The task:
In the listing below, find the line with "Educa The Human Body - Image 1" and the line with "Habenaria haute - Sydenham", then return them and every line between them exactly, minus the pictures.

Supplied data:

• • • • •

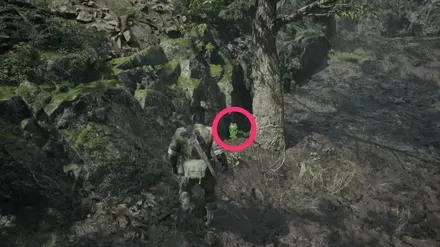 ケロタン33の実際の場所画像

• • • • •

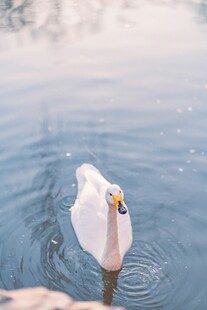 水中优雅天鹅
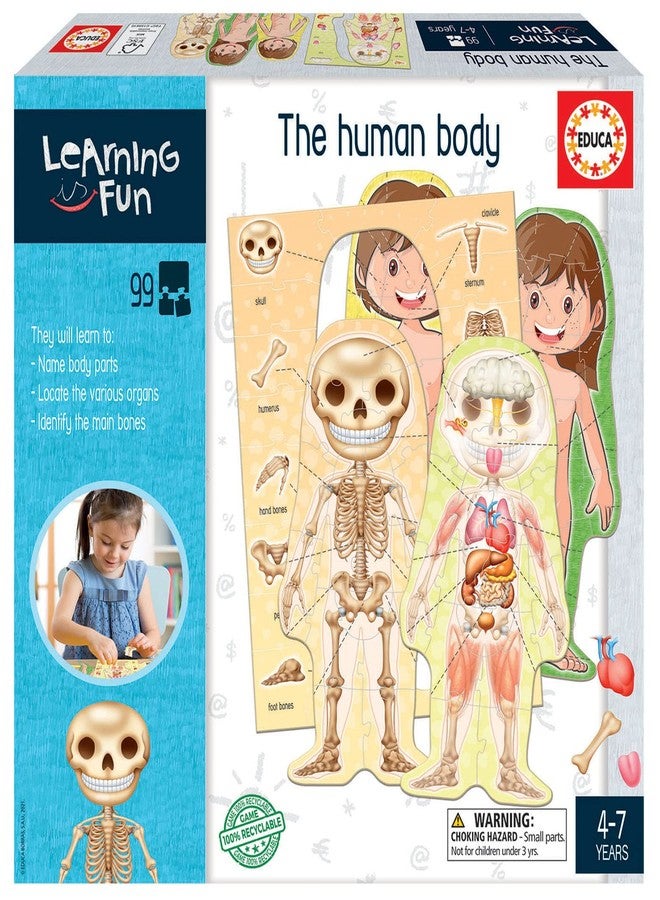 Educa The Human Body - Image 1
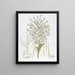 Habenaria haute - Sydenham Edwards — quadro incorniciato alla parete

• • • • •

Response area:
 Educa The Human Body - Image 1
 Habenaria haute - Sydenham Edwards — quadro incorniciato alla parete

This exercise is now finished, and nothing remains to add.